**Brief**
Give again, word for word, every line below from the one that has "[杨洋][盘点]170822 电视剧《微微一笑很倾城》播出一周年 肖奈大神从未走远" through the one that has "Jubilee Bracelet 336935", both included, and no others.

**Data section**
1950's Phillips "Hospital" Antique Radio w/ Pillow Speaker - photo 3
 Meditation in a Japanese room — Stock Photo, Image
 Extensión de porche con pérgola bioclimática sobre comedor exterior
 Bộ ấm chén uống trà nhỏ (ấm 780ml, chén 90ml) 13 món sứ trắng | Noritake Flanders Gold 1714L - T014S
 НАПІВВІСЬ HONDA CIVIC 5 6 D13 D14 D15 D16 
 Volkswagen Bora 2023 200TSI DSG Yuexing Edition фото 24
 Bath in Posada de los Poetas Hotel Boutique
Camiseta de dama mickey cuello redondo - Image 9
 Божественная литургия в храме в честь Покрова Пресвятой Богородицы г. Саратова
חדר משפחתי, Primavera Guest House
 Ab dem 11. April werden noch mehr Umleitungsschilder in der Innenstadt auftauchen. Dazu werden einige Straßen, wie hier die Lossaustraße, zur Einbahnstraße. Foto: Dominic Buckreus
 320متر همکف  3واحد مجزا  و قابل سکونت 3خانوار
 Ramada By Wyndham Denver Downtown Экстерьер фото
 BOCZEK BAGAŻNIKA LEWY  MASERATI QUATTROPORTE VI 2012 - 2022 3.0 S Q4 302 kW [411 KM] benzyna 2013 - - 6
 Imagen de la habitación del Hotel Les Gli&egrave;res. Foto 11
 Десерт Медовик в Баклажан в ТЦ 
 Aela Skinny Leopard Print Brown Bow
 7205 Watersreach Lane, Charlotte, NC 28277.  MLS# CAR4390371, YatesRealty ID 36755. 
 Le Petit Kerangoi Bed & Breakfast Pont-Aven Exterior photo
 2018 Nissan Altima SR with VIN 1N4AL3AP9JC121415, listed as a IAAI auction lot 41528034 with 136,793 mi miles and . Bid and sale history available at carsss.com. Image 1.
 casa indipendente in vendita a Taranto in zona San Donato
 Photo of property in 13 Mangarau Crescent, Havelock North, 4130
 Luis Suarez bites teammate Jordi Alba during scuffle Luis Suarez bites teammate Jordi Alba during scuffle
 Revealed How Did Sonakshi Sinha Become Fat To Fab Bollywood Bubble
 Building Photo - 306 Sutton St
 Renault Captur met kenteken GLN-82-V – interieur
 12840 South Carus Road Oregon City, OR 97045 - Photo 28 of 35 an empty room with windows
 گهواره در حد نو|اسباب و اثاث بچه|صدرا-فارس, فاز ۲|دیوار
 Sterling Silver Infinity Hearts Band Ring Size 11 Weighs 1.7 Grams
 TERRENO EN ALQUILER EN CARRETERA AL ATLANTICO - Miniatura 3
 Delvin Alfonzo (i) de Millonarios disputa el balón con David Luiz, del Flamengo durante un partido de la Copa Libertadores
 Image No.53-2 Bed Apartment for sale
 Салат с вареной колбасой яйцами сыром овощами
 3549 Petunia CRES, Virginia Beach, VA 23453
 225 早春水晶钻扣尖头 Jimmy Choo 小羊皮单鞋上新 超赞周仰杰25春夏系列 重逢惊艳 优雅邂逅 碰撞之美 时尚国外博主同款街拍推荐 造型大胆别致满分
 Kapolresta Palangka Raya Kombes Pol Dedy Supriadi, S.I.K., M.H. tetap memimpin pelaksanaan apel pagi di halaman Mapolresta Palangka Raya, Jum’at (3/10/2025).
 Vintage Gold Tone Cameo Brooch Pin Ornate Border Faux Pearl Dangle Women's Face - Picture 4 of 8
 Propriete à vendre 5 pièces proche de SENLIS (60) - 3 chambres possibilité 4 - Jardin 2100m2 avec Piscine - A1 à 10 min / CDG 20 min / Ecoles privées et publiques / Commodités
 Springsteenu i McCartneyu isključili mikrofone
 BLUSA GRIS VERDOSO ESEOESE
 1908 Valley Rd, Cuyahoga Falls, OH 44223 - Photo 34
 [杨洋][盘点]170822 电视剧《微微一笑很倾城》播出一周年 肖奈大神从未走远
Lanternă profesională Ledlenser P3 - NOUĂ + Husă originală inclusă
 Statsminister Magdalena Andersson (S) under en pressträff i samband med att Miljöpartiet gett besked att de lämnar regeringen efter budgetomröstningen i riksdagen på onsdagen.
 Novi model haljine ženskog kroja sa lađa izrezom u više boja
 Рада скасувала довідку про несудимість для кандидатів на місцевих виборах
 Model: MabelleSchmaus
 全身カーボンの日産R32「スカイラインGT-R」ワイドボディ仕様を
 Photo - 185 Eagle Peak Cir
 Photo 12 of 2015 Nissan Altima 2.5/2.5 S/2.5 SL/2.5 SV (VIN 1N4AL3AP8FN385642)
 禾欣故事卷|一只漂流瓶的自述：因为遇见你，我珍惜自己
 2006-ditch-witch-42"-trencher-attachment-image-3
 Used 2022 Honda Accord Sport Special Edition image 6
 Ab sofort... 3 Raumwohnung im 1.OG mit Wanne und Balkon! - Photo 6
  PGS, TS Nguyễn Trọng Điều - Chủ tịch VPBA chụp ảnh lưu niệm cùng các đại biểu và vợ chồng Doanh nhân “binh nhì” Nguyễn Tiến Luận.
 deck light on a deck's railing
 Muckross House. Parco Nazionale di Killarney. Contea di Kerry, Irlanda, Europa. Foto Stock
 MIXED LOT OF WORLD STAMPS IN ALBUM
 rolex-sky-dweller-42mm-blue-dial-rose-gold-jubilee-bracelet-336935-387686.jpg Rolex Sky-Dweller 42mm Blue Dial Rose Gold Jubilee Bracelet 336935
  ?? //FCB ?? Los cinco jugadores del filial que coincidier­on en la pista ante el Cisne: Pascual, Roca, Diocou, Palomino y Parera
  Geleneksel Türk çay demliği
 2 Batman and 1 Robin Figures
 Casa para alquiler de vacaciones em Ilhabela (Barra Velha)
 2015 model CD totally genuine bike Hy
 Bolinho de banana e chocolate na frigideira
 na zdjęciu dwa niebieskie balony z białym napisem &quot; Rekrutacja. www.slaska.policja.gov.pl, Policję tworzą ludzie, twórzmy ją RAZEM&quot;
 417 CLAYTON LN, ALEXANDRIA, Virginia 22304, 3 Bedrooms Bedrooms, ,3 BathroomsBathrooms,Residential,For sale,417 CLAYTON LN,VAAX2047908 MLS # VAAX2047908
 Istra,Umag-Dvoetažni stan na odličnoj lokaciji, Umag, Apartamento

**Answer section**
 [杨洋][盘点]170822 电视剧《微微一笑很倾城》播出一周年 肖奈大神从未走远
Lanternă profesională Ledlenser P3 - NOUĂ + Husă originală inclusă
 Statsminister Magdalena Andersson (S) under en pressträff i samband med att Miljöpartiet gett besked att de lämnar regeringen efter budgetomröstningen i riksdagen på onsdagen.
 Novi model haljine ženskog kroja sa lađa izrezom u više boja
 Рада скасувала довідку про несудимість для кандидатів на місцевих виборах
 Model: MabelleSchmaus
 全身カーボンの日産R32「スカイラインGT-R」ワイドボディ仕様を
 Photo - 185 Eagle Peak Cir
 Photo 12 of 2015 Nissan Altima 2.5/2.5 S/2.5 SL/2.5 SV (VIN 1N4AL3AP8FN385642)
 禾欣故事卷|一只漂流瓶的自述：因为遇见你，我珍惜自己
 2006-ditch-witch-42"-trencher-attachment-image-3
 Used 2022 Honda Accord Sport Special Edition image 6
 Ab sofort... 3 Raumwohnung im 1.OG mit Wanne und Balkon! - Photo 6
  PGS, TS Nguyễn Trọng Điều - Chủ tịch VPBA chụp ảnh lưu niệm cùng các đại biểu và vợ chồng Doanh nhân “binh nhì” Nguyễn Tiến Luận.
 deck light on a deck's railing
 Muckross House. Parco Nazionale di Killarney. Contea di Kerry, Irlanda, Europa. Foto Stock
 MIXED LOT OF WORLD STAMPS IN ALBUM
 rolex-sky-dweller-42mm-blue-dial-rose-gold-jubilee-bracelet-336935-387686.jpg Rolex Sky-Dweller 42mm Blue Dial Rose Gold Jubilee Bracelet 336935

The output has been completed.